How to Use ResNet for Image Classification in Computer Vision

To use ResNet for classification in computer vision, load a pretrained ResNet model, replace its final layer to match your number of classes, and train or fine-tune it on your dataset. Use frameworks like PyTorch to easily load and modify ResNet architectures for your classification task.

📐

Syntax

Here is the typical syntax to use a pretrained ResNet model for classification:

torchvision.models.resnet50(weights=models.ResNet50_Weights.DEFAULT): Loads ResNet-50 with pretrained weights.
Replace the final fully connected layer model.fc to match your number of classes.
Use an optimizer and loss function to train or fine-tune the model.

python

import torch
import torchvision.models as models

# Load pretrained ResNet-50
model = models.resnet50(weights=models.ResNet50_Weights.DEFAULT)
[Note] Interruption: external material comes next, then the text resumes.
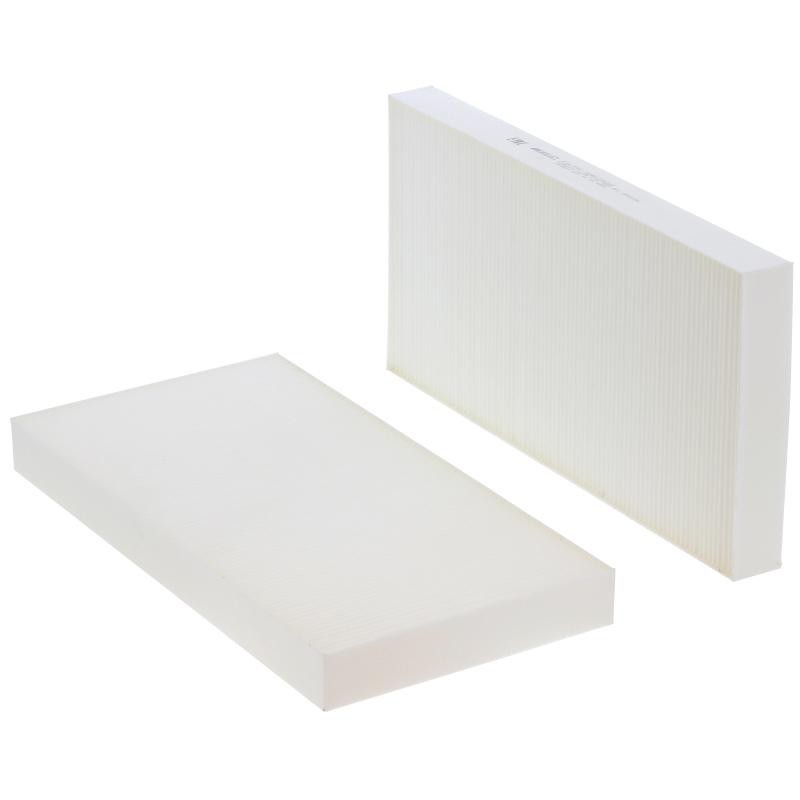 Filtro aria Hyundai 71WD32220 per macchine movimento terra | Il Mio Filtro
# Replace final layer for 10 classes
model.fc = torch.nn.Linear(model.fc.in_features, 10)

💻

Example

This example shows how to load ResNet-18 pretrained on ImageNet, replace its final layer for 3 classes, and run a forward pass on a dummy image tensor.

python

import torch
import torchvision.models as models

# Load pretrained ResNet-18
model = models.resnet18(weights=models.ResNet18_Weights.DEFAULT)
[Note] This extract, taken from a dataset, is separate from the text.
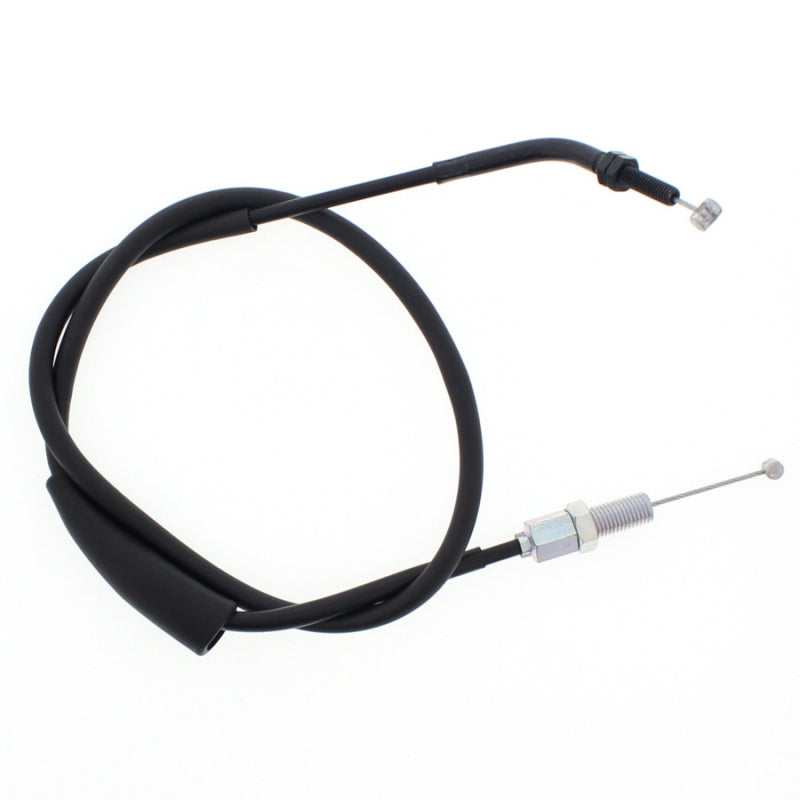 All Balls Racing 03-13 Kawasaki KVF360A Prairie 4x4 Cable, Throttle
# Replace final layer for 3 classes
model.fc = torch.nn.Linear(model.fc.in_features, 3)

# Create dummy input (batch size 1, 3 color channels, 224x224 image)
dummy_input = torch.randn(1, 3, 224, 224)

# Forward pass
output = model(dummy_input)
print('Output shape:', output.shape)
print('Output values:', output)

Output

Output shape: torch.Size([1, 3]) Output values: tensor([[ 0.1234, -0.5678, 0.9101]], grad_fn=<AddmmBackward0>)

⚠️

Common Pitfalls

Not replacing the final layer to match your dataset's number of classes causes shape mismatch errors.
Forgetting to set the model to train() mode during training or eval() mode during evaluation affects batch normalization and dropout layers.
Not normalizing input images with the same mean and std used during ResNet training leads to poor performance.
Using a learning rate too high can cause training to diverge when fine-tuning.

python

import torch
import torchvision.models as models

# Wrong: Using pretrained ResNet without changing final layer for 5 classes
model = models.resnet18(weights=models.ResNet18_Weights.DEFAULT)
# model.fc still outputs 1000 classes (ImageNet)
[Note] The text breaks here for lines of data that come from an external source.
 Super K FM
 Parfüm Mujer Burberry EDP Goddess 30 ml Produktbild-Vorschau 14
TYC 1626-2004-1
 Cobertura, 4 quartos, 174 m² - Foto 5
# Right: Replace final layer
model.fc = torch.nn.Linear(model.fc.in_features, 5)

# Set model to train mode
model.train()

📊

Quick Reference

Step	Description
Load pretrained ResNet	Use torchvision.models.resnetXX(weights=models.ResNetXX_Weights.DEFAULT)
Modify final layer	Replace model.fc with Linear(in_features, num_classes)
Prepare data	Normalize images with ImageNet mean and std
Train or fine-tune	Use optimizer and loss function, set model.train()
Evaluate	Set model.eval() and disable gradients

✅

Key Takeaways

Always replace ResNet's final layer to match your classification classes.

Normalize input images using ImageNet mean and standard deviation.

Set model.train() during training and model.eval() during evaluation.

Use pretrained weights to speed up training and improve accuracy.

Watch learning rate carefully when fine-tuning to avoid training issues.